Dimanche : Pharisiens et Hérodiens — Matthieu 22:15-22 ; Marc 12:13-17 ; Luc 20:20-26.
Parce que Rome avait donné du pouvoir au roi Hérode, les Hérodiens étaient favorables au paiement des impôts à César. Les pharisiens, considérant les Romains comme une nation païenne, abhorraient cet impôt. Mais pour piéger Jésus, ces deux ennemis s'allièrent. S'il avait répondu à leur question sur les impôts, quelle que soit la réponse, il serait tombé dans le piège. Par sa réponse étonnante, Jésus l'évita et enseigna des vérités essentielles : (1) il faut honorer et obéir aux dirigeants (Romains 13 ; 1 Pierre 2:13-17 ; 1 Timothée 2:1-4) ; (2) il faut honorer et obéir à Dieu (Actes 5:27-32) ; (3) l'homme porte l'image de Dieu et lui doit tout (Genèse 1:26-27).
Lundi : Interrogé par les Sadducéens — Matthieu 22:23-28 ; Marc 12:18-23 ; Luc 20:27-33.
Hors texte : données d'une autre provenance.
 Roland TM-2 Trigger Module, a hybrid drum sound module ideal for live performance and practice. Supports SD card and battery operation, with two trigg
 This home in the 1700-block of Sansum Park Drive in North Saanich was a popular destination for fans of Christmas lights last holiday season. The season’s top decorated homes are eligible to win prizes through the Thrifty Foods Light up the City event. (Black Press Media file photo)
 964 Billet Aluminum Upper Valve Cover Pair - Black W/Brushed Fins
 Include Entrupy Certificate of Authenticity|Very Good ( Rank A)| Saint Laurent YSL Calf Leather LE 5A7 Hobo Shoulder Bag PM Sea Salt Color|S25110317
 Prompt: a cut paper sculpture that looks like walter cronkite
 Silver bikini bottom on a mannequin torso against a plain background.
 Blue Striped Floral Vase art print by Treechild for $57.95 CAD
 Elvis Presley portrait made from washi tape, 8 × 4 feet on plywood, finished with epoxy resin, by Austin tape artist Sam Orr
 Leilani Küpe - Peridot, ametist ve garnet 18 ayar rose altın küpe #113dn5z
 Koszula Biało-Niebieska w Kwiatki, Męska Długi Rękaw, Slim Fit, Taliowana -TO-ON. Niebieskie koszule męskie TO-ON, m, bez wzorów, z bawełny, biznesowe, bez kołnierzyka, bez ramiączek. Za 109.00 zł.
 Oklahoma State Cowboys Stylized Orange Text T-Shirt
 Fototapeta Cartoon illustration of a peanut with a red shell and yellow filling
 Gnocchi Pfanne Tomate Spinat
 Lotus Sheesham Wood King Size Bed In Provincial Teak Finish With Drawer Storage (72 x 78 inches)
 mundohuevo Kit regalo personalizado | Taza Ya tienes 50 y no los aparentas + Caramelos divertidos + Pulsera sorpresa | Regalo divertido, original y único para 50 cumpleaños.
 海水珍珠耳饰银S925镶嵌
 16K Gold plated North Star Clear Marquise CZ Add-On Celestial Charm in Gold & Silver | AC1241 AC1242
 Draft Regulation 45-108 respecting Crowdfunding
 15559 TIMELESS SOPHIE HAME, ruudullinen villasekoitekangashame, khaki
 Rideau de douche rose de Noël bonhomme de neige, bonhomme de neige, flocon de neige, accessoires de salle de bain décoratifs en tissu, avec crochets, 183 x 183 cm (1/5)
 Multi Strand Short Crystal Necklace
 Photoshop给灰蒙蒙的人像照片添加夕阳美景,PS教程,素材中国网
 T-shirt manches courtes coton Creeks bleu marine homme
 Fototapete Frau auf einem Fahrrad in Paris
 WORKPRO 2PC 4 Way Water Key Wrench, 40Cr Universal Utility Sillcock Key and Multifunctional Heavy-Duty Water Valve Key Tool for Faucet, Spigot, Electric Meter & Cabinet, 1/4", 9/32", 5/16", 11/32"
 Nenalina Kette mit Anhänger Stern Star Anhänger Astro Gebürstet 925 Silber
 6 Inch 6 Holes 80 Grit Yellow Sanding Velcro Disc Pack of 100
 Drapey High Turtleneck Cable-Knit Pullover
Les Sadducéens n'acceptaient que le Pentateuque (les cinq livres de Moïse) et ne croyaient pas à la résurrection. Ils tentèrent de piéger Jésus en utilisant l'hypothèse suivante : pour qu'un homme puisse conserver son nom et mourir sans héritier mâle, un frère de la famille épouserait la veuve de son frère (voir Deutéronome 25:5-10). Mais une femme pouvait-elle avoir jusqu'à sept maris dans le royaume éternel ? C'est précisément sur cette question que les Sadducéens estimaient discréditer toute résurrection.
Mardi : Réponse aux Sadducéens — Matthieu 22,29-33 ; Marc 12,24-27 ; Luc 20,34-40.
Imaginez leur expression lorsque Jésus leur a dit qu’ils ignoraient les Écritures et la puissance de Dieu ! Se référant aux écrits de Moïse, Jésus leur a rappelé que Dieu est le Dieu d’Abraham, d’Isaac et de Jacob (et non était qu’il l’ revivraient un jour!
Mercredi : Interrogé par un docteur de la loi — Matthieu 22:34-36 ; Marc 12:28.
Un docteur de la loi met Jésus à l'épreuve en lui demandant : « Quel est le plus grand commandement ? » Cette question avait fait l'objet de débats pendant des siècles, et les scribes avaient recensé 248 commandements positifs et 365 commandements négatifs dans la Loi. Qui pouvait espérer les connaître et les observer tous parfaitement ? Les experts les avaient donc classés en commandements « lourds » (importants) et « légers » (insignifiants), et encourageaient à privilégier les plus importants. Mais ce raisonnement était erroné : car il suffit d'enfreindre une seule loi pour être coupable de toutes ! (Jacques 2:10).
Jeudi : Réponse au docteur de la loi — Matthieu 22:37-40 ; Marc 12:29-34.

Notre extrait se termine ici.